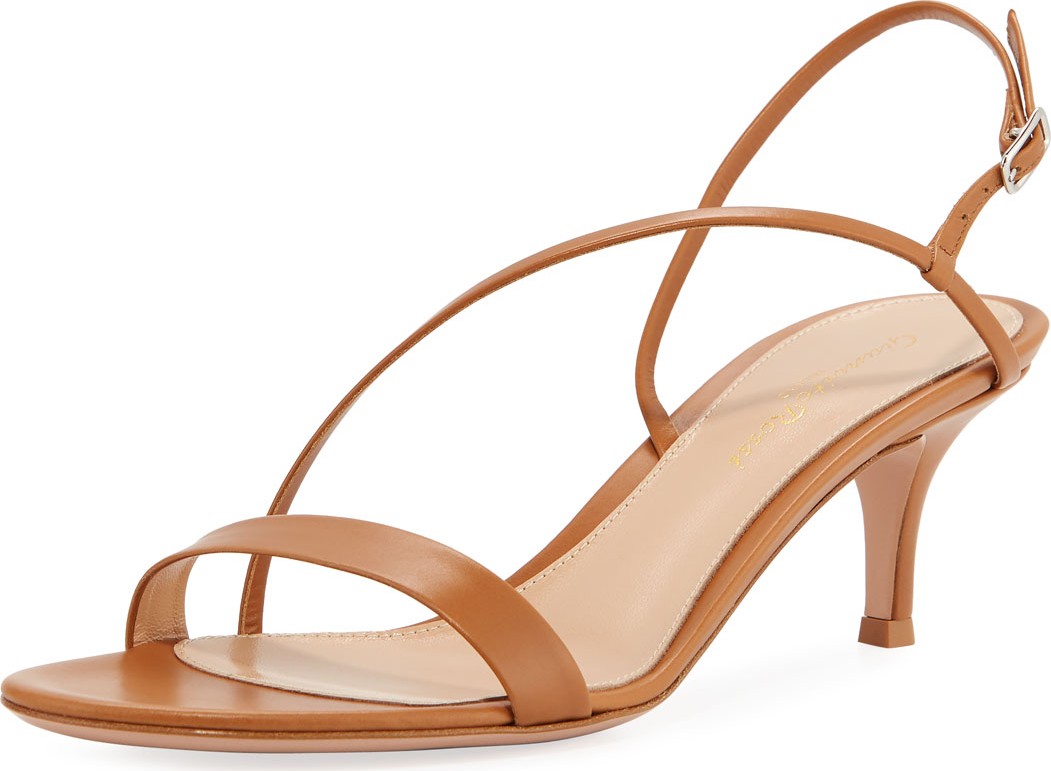 Gianvito Rossi Strappy Leather Slingback Sandals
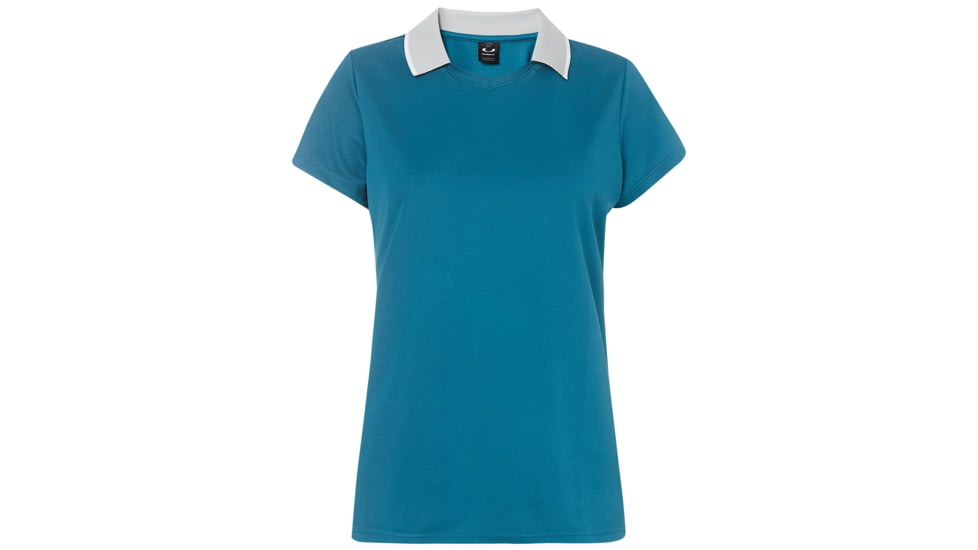 Oakley Enjoy Basic Golf Polo Short Sleeve - Womens, Deep Aqua, Small, 532355-74A-S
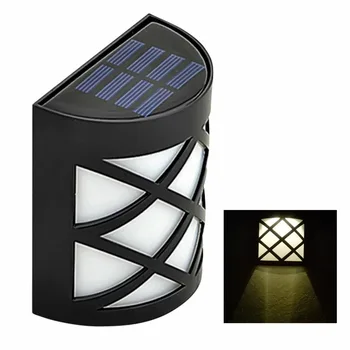 

2pcs LED Solar Power Light 6 LEDs Energy Saving Auto ON/OFF Wall Light Outdoor Waterproof Garden Patio Fence Emergency Lamp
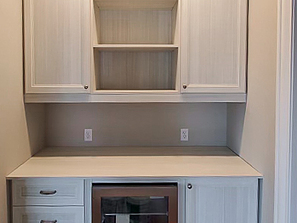 Bar with Beverage Fridge and Storage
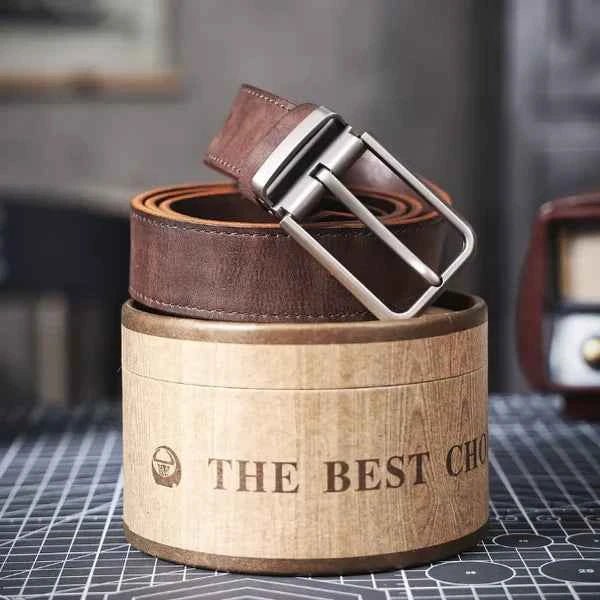 Men's Classic Leather Belt – With a Modern Buckle for Diverse Combinations and Various Occasions 16
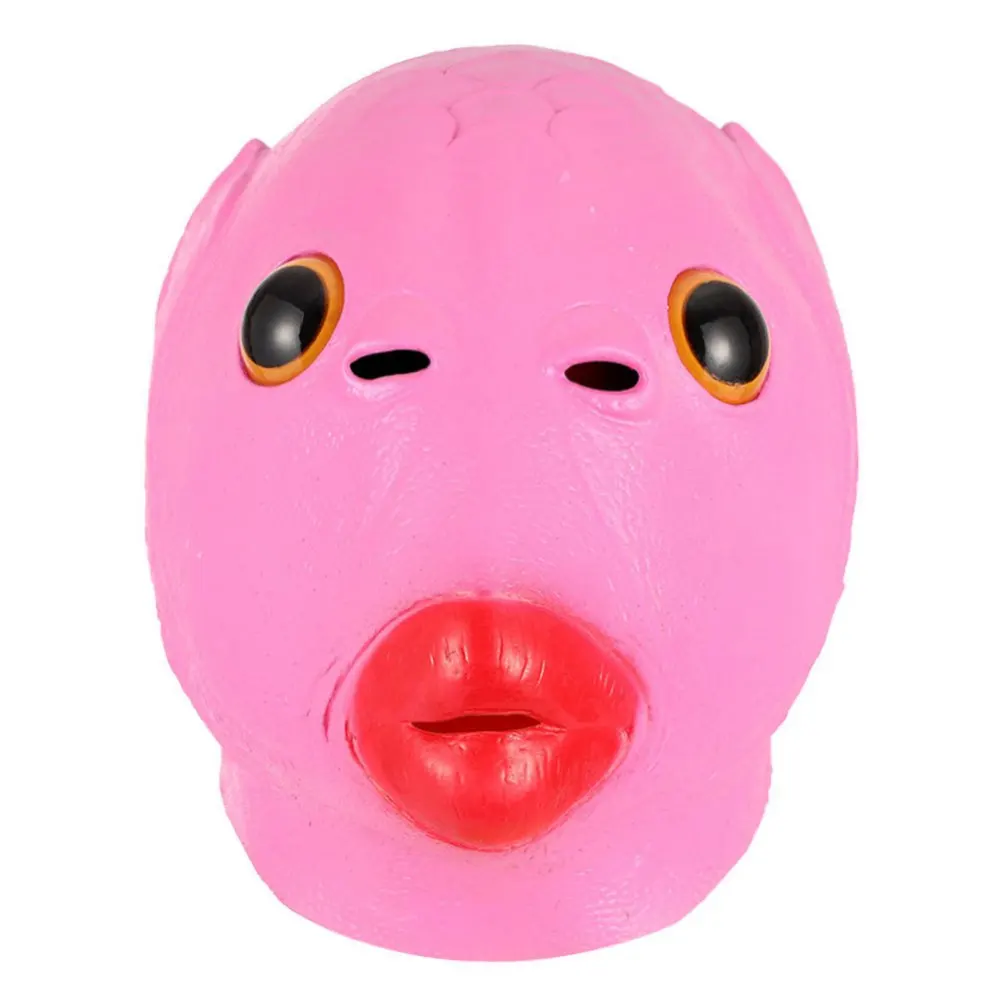 

Забавная маска с головой рыбы для косплея унисекс взрослая карнавальвечерние НКА натуральная латексная маска с головой рыбы головной убор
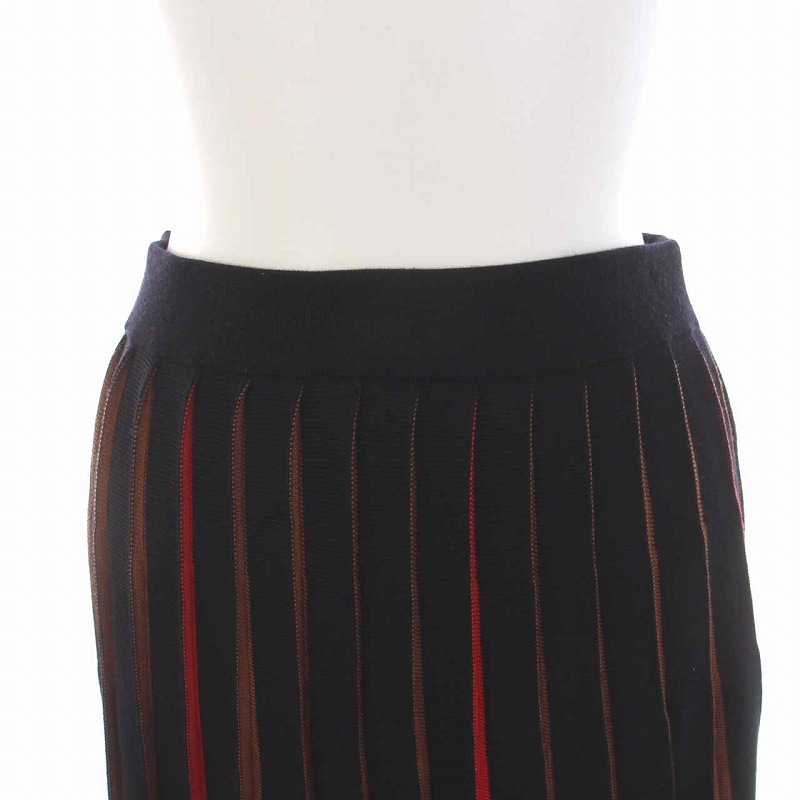 ピーエスポールスミス PS Paul Smith ニット プリーツスカート ロング
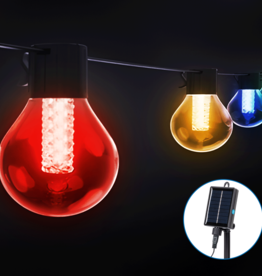Aigostar Bande lumineuse avec lampes à tube rond G50 (10 pièces) sur énergie solaire RGBY 5me énergie RGBY 5m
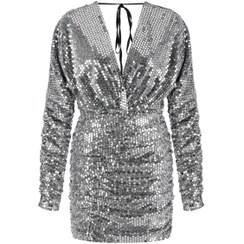تصویر خرید اینترنتی پیراهن رسمی زنانه طوسی برند ipekyol IW6220002258 ا Payetli Mini Elbise Payetli Mini Elbise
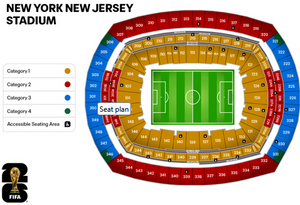 FIFA World Cup 2026 tickets Match 7 - Group - MetLife Stadium  - June 13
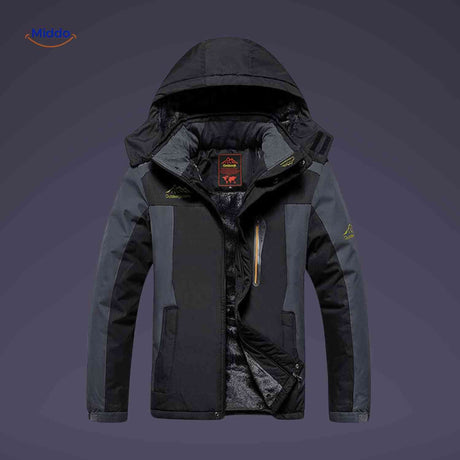 Winterjas met fleece voering, waterdicht en winddicht
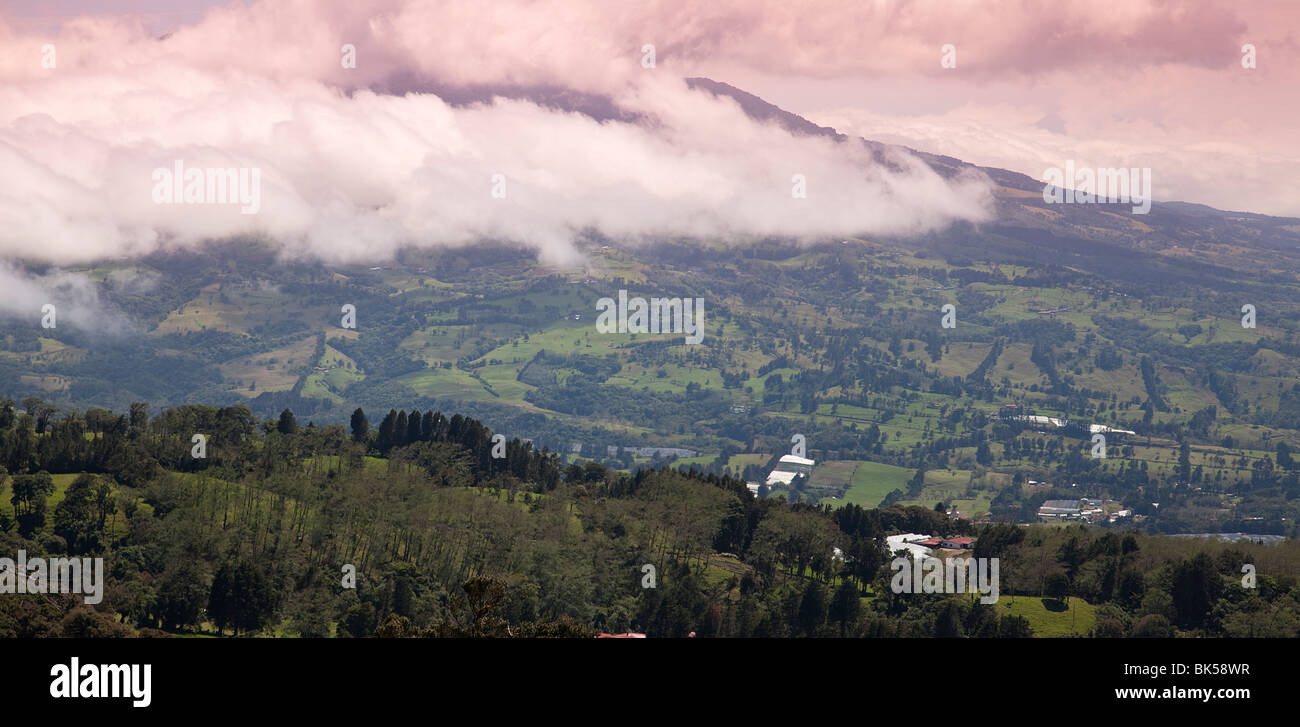 Costa Rica central valley highlands Stock Photo Alamy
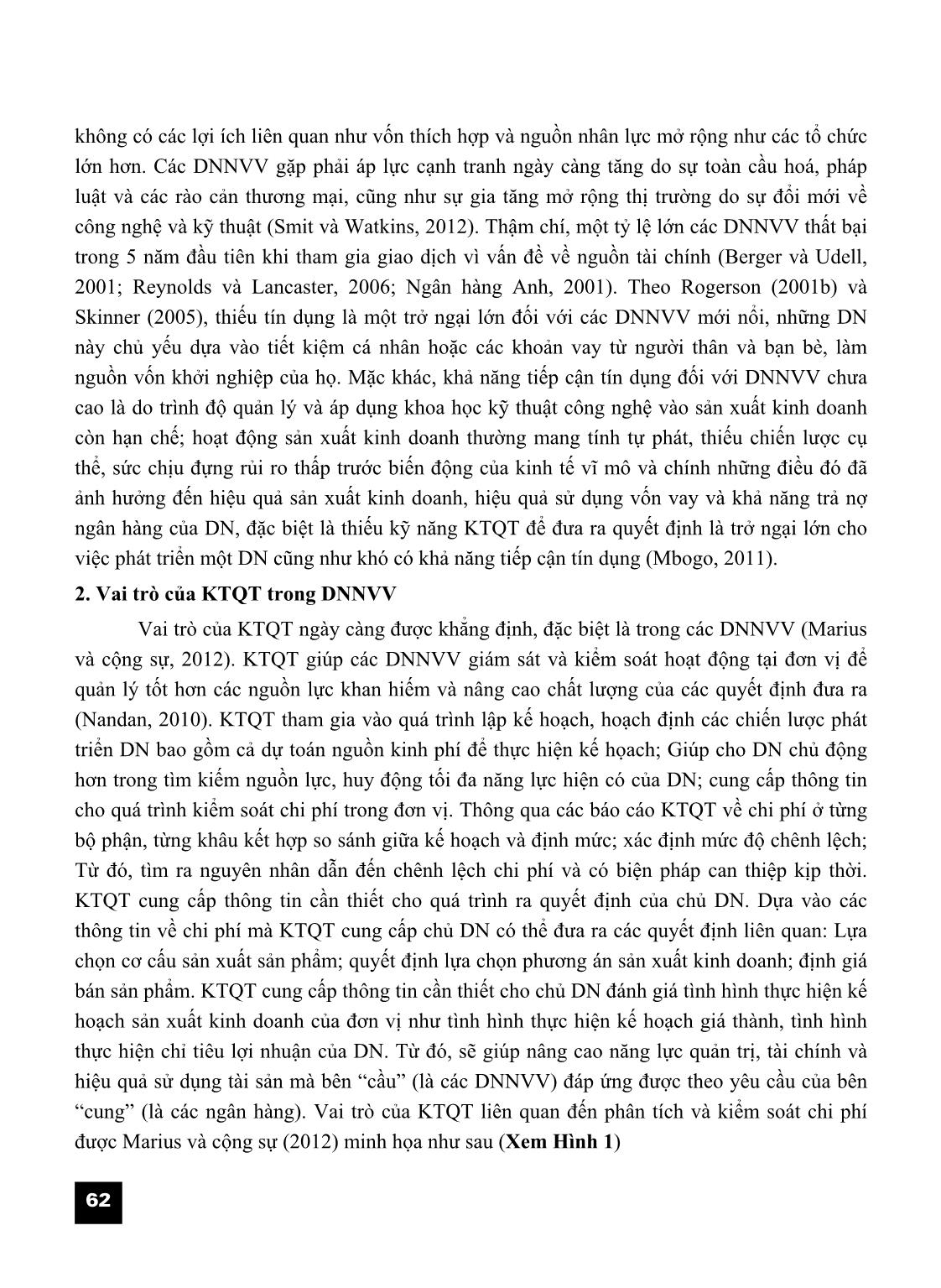 Nâng cao khả năng tiếp cận tín dụng của doanh nghiệp nhỏ và vừa tại Việt Nam thông qua công cụ kế toán quản trị trang 2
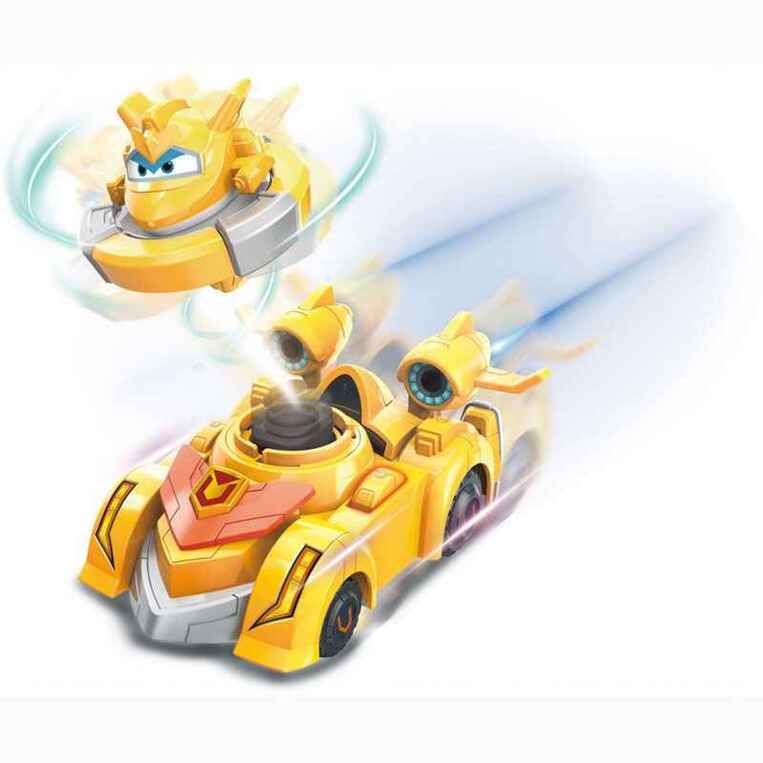 Super Wings Super Pet Free Wheel Vehicle - Spinning Golden Boy & Vehicle - 770331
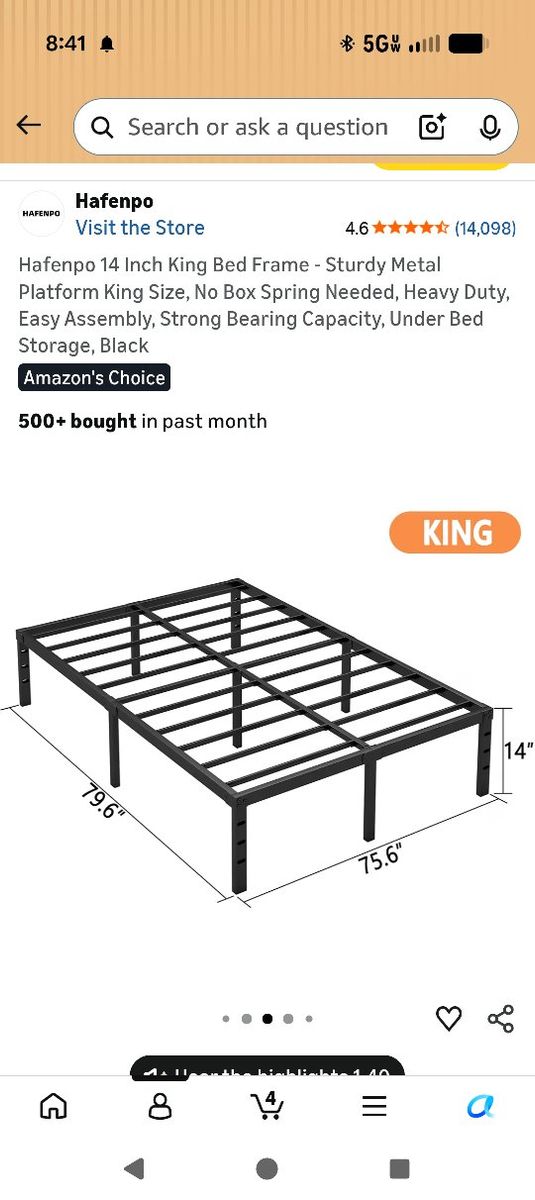 king bed frame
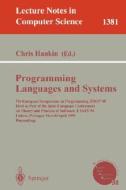 Programming Languages and Systems edito da Springer Berlin Heidelberg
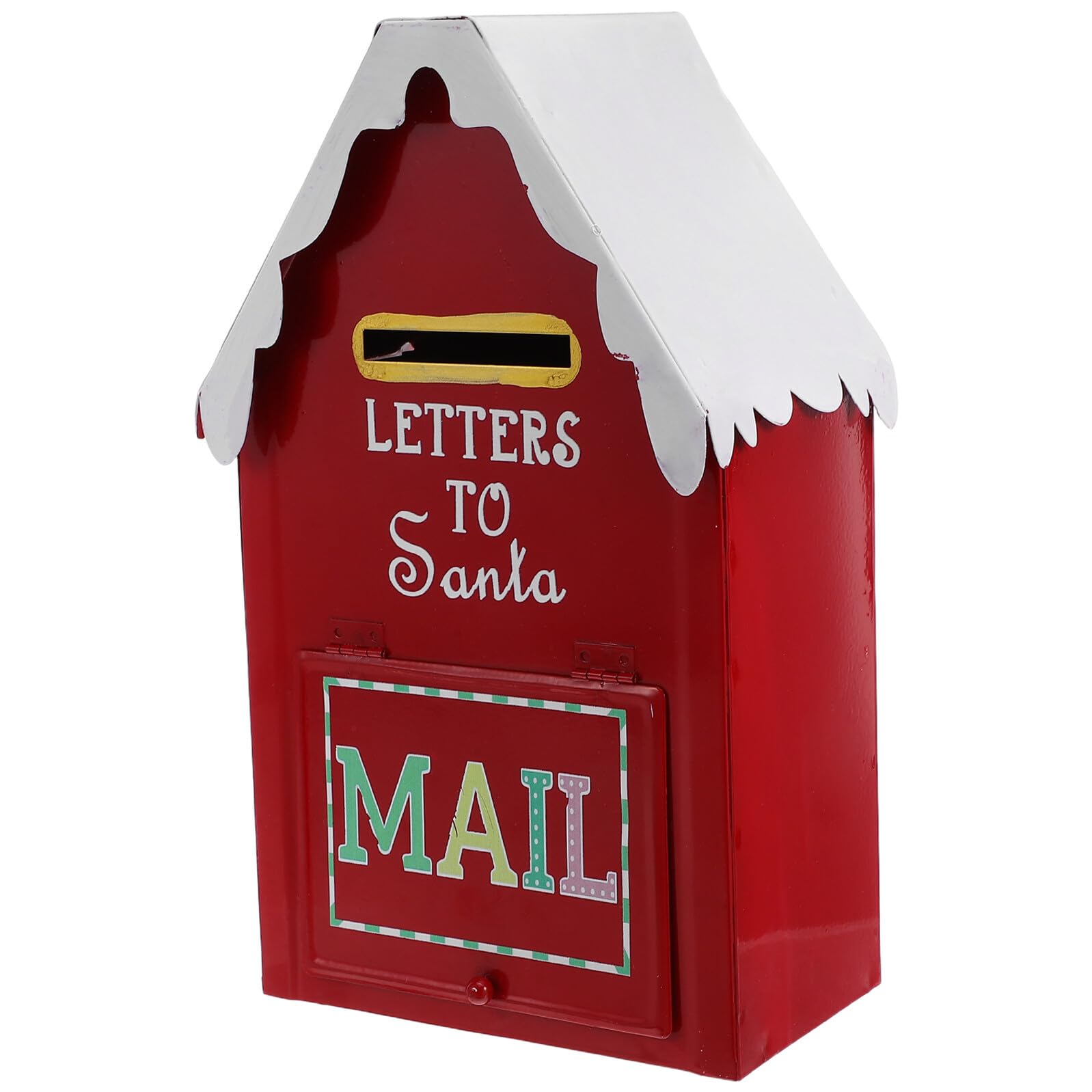 Boîte aux lettres rouge de Noël style vintage pour décorer votre atelier DIY ou maison de jeux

==========

Starting at the line above with "Bar with Beverage Fridge and Storage", output every line exactly up to and including the line with "Aigostar Bande lumineuse", but none of the pictures.

Solution to the exercise:
 Bar with Beverage Fridge and Storage
 Men's Classic Leather Belt – With a Modern Buckle for Diverse Combinations and Various Occasions 16

Забавная маска с головой рыбы для косплея унисекс взрослая карнавальвечерние НКА натуральная латексная маска с головой рыбы головной убор
 ピーエスポールスミス PS Paul Smith ニット プリーツスカート ロング
Aigostar Bande lumineuse avec lampes à tube rond G50 (10 pièces) sur énergie solaire RGBY 5me énergie RGBY 5m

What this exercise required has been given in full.